En vérité, le régime Antonescu, que
ce procès mettait sur la sellette, se rendait coupable de la déportation en
Transnistrie et de la mort de près de 280.000 Juifs et de près de 25.000 Roms. Le
tribunal populaire de Cluj avait quant à lui condamné 370 personnes d’origine hongroise,
83 d’origine allemande, 26 d’origine roumaine et 2 d’origine juive, ayant prononcé
100 condamnations à la peine capitale et 163 condamnations à la réclusion
criminelle à perpétuité. Cependant, l’amnistie générale décrétée par le régime
communiste en 1964 bénéficiera également aux criminels de guerre, du moins à
ceux qui avaient survécu jusqu’alors.








Cependant, et en dépit des bonnes
intentions clamées par les tribunaux populaires, force est de constater que ces
instances n’ont pu se départir des pratiques d’une justice expéditive et
souvent contaminée des visées idéologiques, une justice qui utilisait les mises
en examen pour crimes de guerre comme arme politique, contre les adversaires
politiques des communistes.
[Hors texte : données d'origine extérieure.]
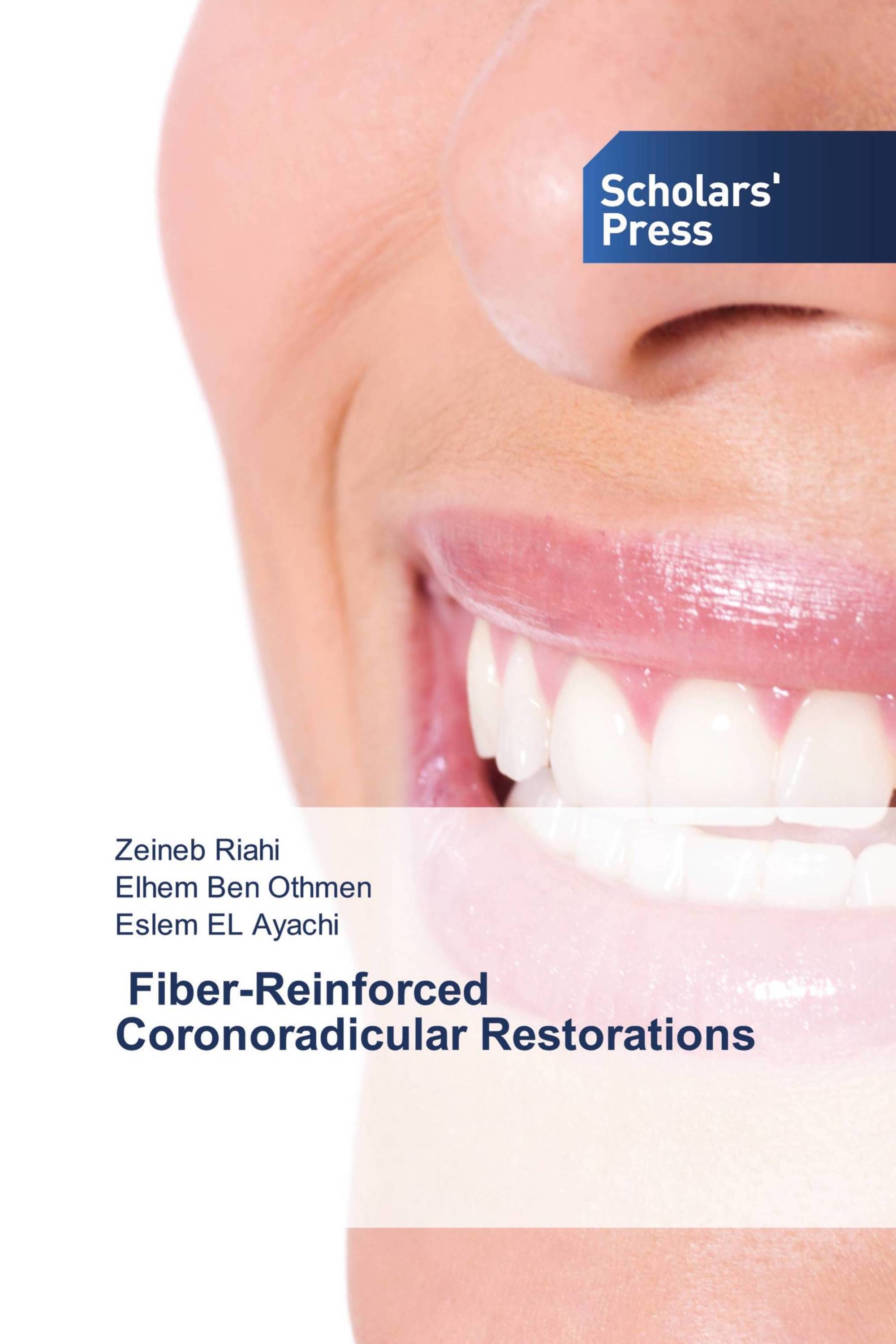 ‎ Fiber-Reinforced Coronoradicular Restorations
C’est ce que racontait en 1999 le prêtre Constantin Hodoraga, dans un enregistrement conservé
par le Centre d’histoire orale de la Radiodiffusion roumaine, lorsqu’il parlait
de la manière dont il avait appuyé la rébellion anticommuniste de la région
d’Argeş, et de l’utilisation de la justice de classe par le régime communiste qui
entendait liquider ainsi l’opposition.






Constantin Hodoroagă : « Dans
toute la région de la vallée du Topolog, les communistes avaient employé cette
méthode pour se débarrasser des propriétaires terriens, des élites et même des
simples gens. Il y avait là, dans cette région, un avocat communiste, un
certain Petrescu, qui avait fondé une sorte de tribunal populaire. Il
embarquait les adversaires politiques des communistes et les amenaient à Suici,
où il avait créé ce tribunal ad hoc pour les traduire en justice. Devant cette
soi-disant justice sont passés le colonel Canarie, le professeur Minculescu, appartenant
à une famille de propriétaires bien connue dans la région, et beaucoup d’autres.
C’était du n’importe quoi. »








Le
monde de la culture n’a pas non plus été épargné par le phénomène, certains
n’hésitant pas à employer ce genre de méthodes pour régler leurs comptes. Dans
une interview de 1997, l’écrivain Pan Vizirescu remémorait le subterfuge qu’il
avait employé pour échapper au risque de passer devant ce genre de tribunal
populaire factice.






Pan Vizirescu : « On voyait la manière
dont les choses évoluaient. Victor Eftimiu avait fait main basse sur la Société
des gens de lettres. Il n’arrêtait pas d’éloges à l’égard de certains officiers
soviétiques, avec lesquels il avait dîné et qu’il trouvait charmants. Et un
beau jour, ce mec invite les écrivains à une réunion, pour qu’ils s’expliquent
sur leur attitude pendant la guerre. Je n’y suis pas allé, j’avais flairé le
guet-apens. Et j’ai eu raison. Ceux qui s’y étaient rendus ont été amenés
devant le tribunal populaire. »









Malgré tout et en dépit du
détournement de leur mission, les tribunaux populaires ont jugé les pires
criminels de guerre, ceux coupables des pires atrocités, des crimes en masse contre
la population civile ou contre des groupes ethniques, des crimes de génocide.